Given data
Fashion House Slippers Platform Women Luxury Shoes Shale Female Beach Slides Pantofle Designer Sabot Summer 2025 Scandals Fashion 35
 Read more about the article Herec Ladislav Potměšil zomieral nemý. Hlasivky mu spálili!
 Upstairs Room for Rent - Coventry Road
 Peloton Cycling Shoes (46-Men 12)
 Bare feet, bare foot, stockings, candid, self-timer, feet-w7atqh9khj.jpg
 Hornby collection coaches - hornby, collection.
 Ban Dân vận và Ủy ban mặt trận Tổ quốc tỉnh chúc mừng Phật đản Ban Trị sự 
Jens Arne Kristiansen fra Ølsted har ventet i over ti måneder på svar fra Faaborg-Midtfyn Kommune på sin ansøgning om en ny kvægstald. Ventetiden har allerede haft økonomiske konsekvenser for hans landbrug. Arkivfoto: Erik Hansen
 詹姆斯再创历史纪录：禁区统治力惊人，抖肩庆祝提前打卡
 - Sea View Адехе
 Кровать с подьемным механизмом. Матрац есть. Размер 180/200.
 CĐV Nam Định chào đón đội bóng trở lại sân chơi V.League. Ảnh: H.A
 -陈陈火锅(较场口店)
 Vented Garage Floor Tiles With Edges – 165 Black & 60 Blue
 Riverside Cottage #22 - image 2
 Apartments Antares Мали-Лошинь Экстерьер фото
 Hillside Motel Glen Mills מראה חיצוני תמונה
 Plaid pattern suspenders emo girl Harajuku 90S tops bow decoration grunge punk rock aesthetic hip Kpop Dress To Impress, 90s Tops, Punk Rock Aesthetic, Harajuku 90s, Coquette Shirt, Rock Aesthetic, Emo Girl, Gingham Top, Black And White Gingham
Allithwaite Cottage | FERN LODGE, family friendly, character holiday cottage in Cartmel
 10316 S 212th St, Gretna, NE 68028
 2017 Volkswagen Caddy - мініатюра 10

Required work
Each entry above should be restated exactly as supplied.

Your response
Fashion House Slippers Platform Women Luxury Shoes Shale Female Beach Slides Pantofle Designer Sabot Summer 2025 Scandals Fashion 35
 Read more about the article Herec Ladislav Potměšil zomieral nemý. Hlasivky mu spálili!
 Upstairs Room for Rent - Coventry Road
 Peloton Cycling Shoes (46-Men 12)
 Bare feet, bare foot, stockings, candid, self-timer, feet-w7atqh9khj.jpg
 Hornby collection coaches - hornby, collection.
 Ban Dân vận và Ủy ban mặt trận Tổ quốc tỉnh chúc mừng Phật đản Ban Trị sự 
Jens Arne Kristiansen fra Ølsted har ventet i over ti måneder på svar fra Faaborg-Midtfyn Kommune på sin ansøgning om en ny kvægstald. Ventetiden har allerede haft økonomiske konsekvenser for hans landbrug. Arkivfoto: Erik Hansen
 詹姆斯再创历史纪录：禁区统治力惊人，抖肩庆祝提前打卡
 - Sea View Адехе
 Кровать с подьемным механизмом. Матрац есть. Размер 180/200.
 CĐV Nam Định chào đón đội bóng trở lại sân chơi V.League. Ảnh: H.A
 -陈陈火锅(较场口店)
 Vented Garage Floor Tiles With Edges – 165 Black & 60 Blue
 Riverside Cottage #22 - image 2
 Apartments Antares Мали-Лошинь Экстерьер фото
 Hillside Motel Glen Mills מראה חיצוני תמונה
 Plaid pattern suspenders emo girl Harajuku 90S tops bow decoration grunge punk rock aesthetic hip Kpop Dress To Impress, 90s Tops, Punk Rock Aesthetic, Harajuku 90s, Coquette Shirt, Rock Aesthetic, Emo Girl, Gingham Top, Black And White Gingham
Allithwaite Cottage | FERN LODGE, family friendly, character holiday cottage in Cartmel
 10316 S 212th St, Gretna, NE 68028
 2017 Volkswagen Caddy - мініатюра 10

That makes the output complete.